• INSTRUCTIONS TO FOLLOW:
Below, some lines carry pictures; leave those pictures out and retype exactly the lines from the one with "Michael Kors Sabrina" through the one with "LARGE CRYSTAL VASE - 35 CMS (H) APPROX".

• PROVIDED MATERIAL:
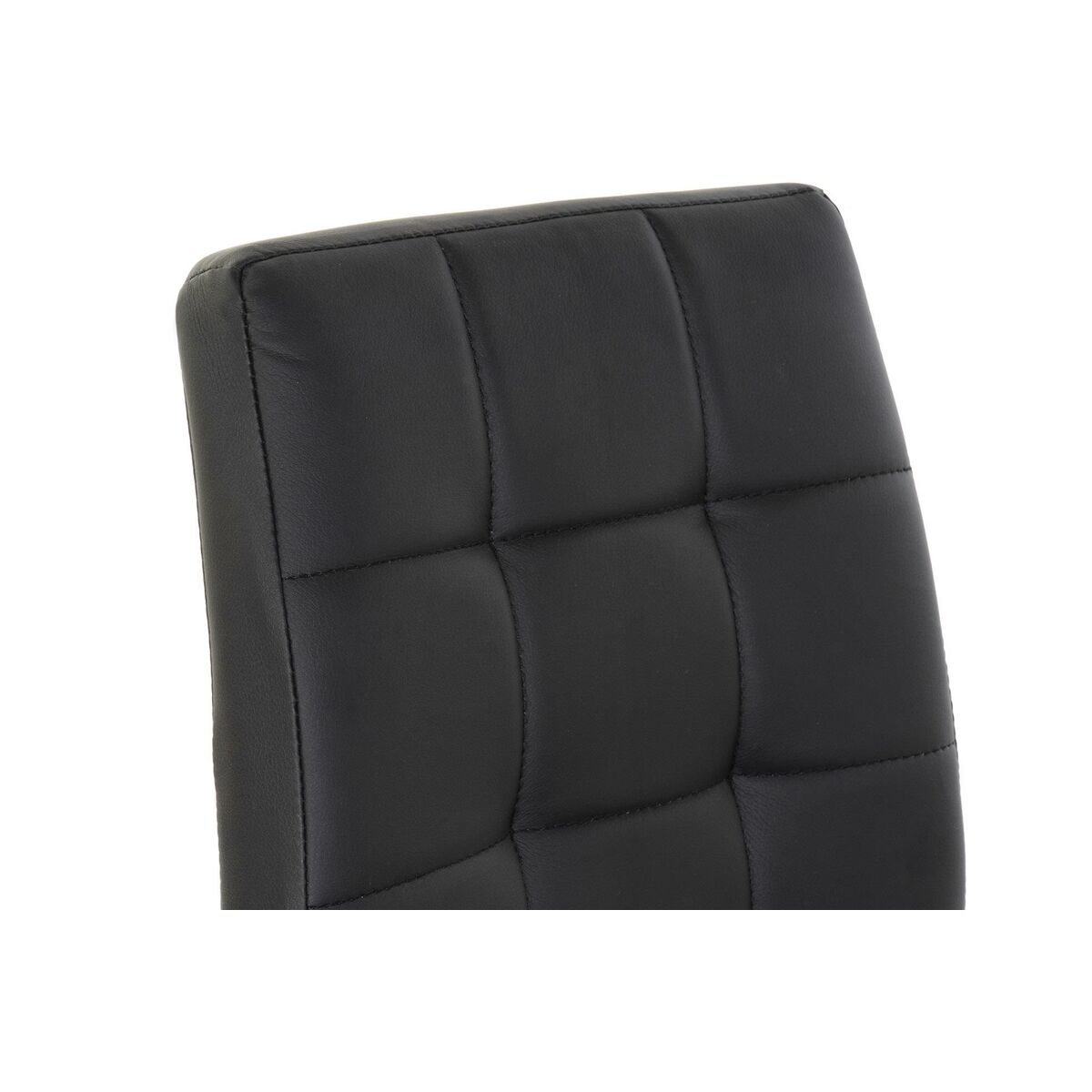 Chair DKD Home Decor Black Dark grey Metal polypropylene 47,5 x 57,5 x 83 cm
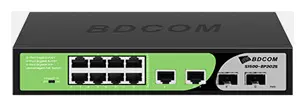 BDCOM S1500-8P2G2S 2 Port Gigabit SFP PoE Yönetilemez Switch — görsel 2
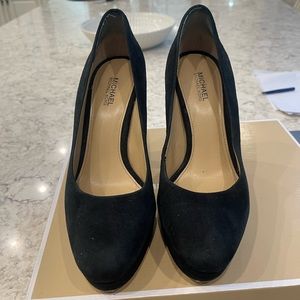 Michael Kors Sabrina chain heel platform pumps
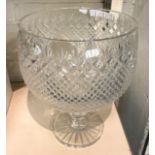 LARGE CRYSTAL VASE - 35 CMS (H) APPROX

* * *

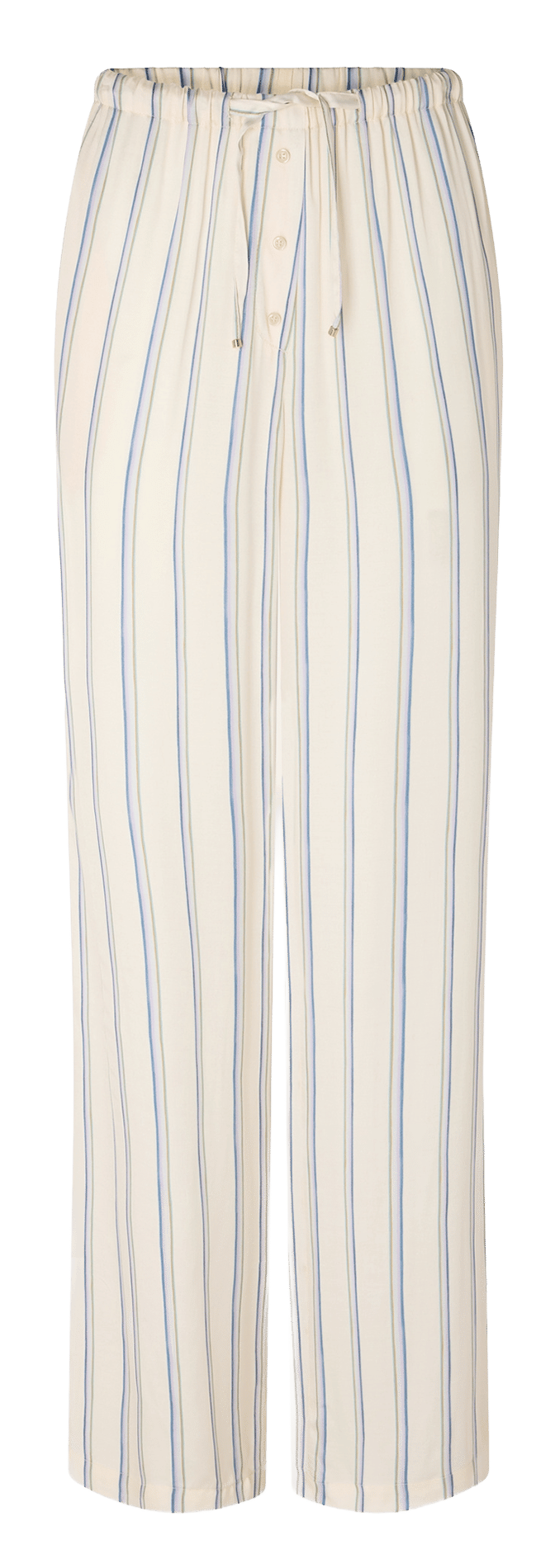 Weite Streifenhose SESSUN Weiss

• RESULT FOR THIS EXERCISE:
 Michael Kors Sabrina chain heel platform pumps
 LARGE CRYSTAL VASE - 35 CMS (H) APPROX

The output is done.